Entries supplied:
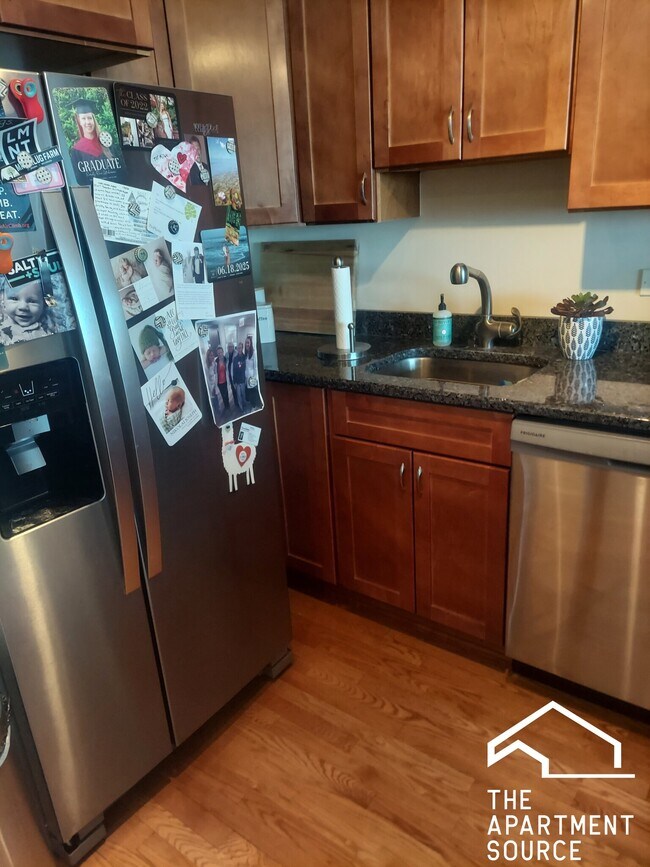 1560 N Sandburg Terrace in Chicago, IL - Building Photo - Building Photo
---
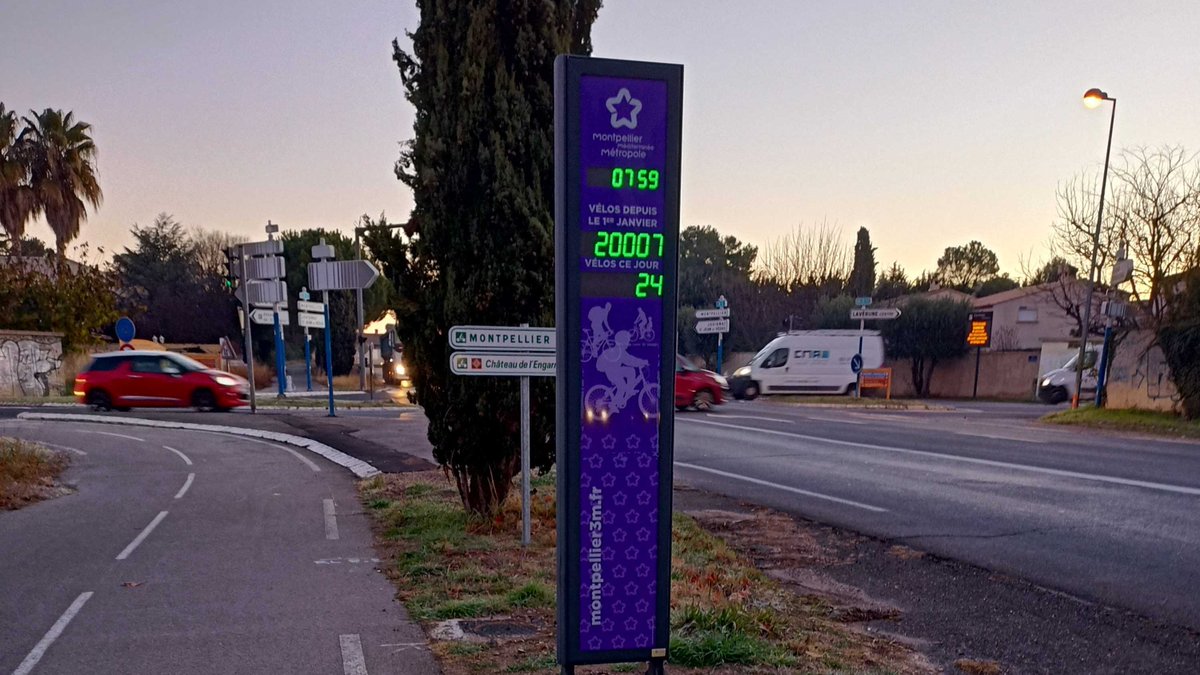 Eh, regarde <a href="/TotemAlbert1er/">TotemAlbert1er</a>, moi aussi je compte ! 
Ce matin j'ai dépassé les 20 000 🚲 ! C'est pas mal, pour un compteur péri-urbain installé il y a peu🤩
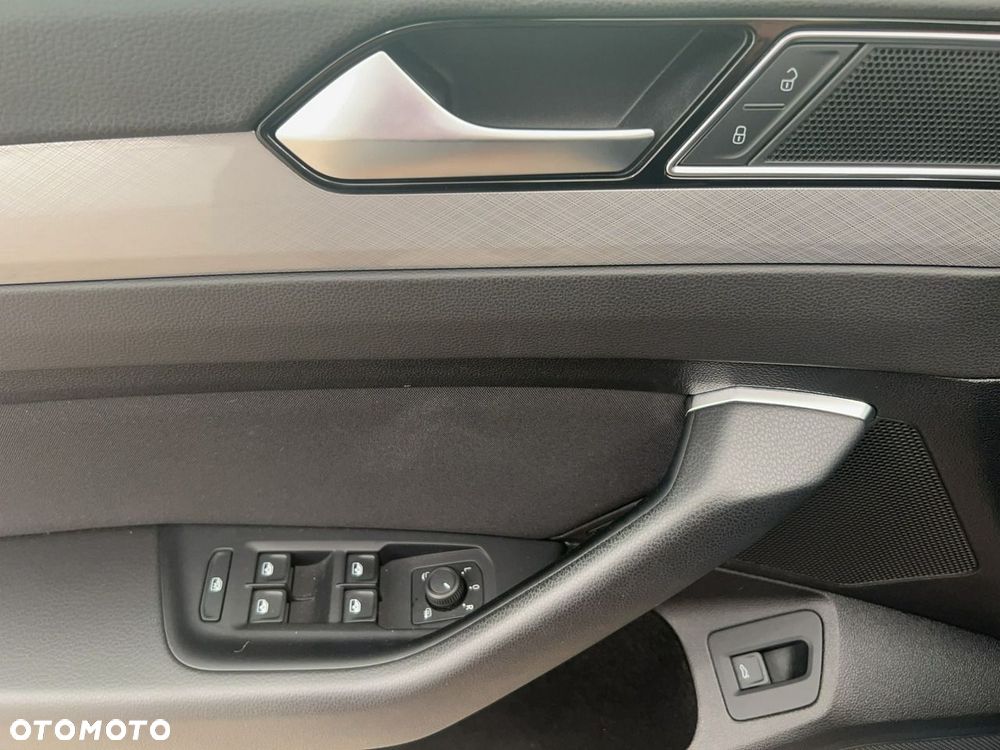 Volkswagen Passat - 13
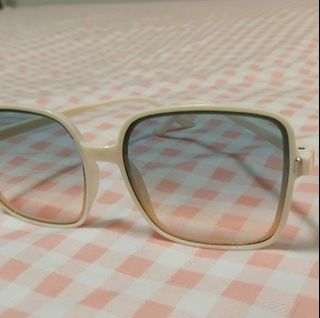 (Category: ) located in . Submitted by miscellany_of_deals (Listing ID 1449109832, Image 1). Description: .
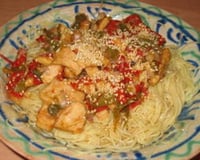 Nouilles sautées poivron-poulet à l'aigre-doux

Task to carry out:
The lines to copy exactly start with the line above that has "Volkswagen Passat - 13" and go on through the line that has "Nouilles sautées poivron-poulet"; please include both, add nothing else, and omit the pictures.

Task response:
 Volkswagen Passat - 13
 (Category: ) located in . Submitted by miscellany_of_deals (Listing ID 1449109832, Image 1). Description: .
 Nouilles sautées poivron-poulet à l'aigre-doux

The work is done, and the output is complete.